Cacti can be grown individually in pots or as part of a long term indoor pot display. They also work well in terrariums. Slow growing, cacti can be grown in the same pot for years.
In summer, water cacti no more than once a week. A good watering less often is better than a little-and-often approach. You shouldn’t need to water cacti at all in the coldest months.
Repot cacti every couple of years, to give them fresh compost – you won’t necessarily need to pot them into a larger pot.
Cactus plants are usually trouble free. If overwatered or not given enough light they can rot at the base. This is usually fatal for the plants.
Cactus varieties to grow
Echinocactus grusonii – golden barrel cactus is globe-shaped but eventually grows tall. Native to Mexico, it bears bright green stems with spiked ribs. Bright yellow flowers appear in summer.
Gymnocalycium paraguayense – a variable cactus with flattened spines. It produces creamy white flowers in spring and summer.

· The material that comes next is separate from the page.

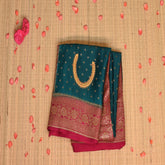 Benarasi crepe silk rama green saree with pink jari boarder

Mammillaria spinosissima – a globe-shaped cactus with bright pink, funnel-shaped flowers. Its central spines are a reddish-brown or yellow.
Rebutia krainziana – a clump-forming barrel cactus, forming dark green stems up to 7cm in diameter, with contrasting small, white areoles and spines. In late spring large, yellow or red flowers develop around the main stem, forming a tight clump.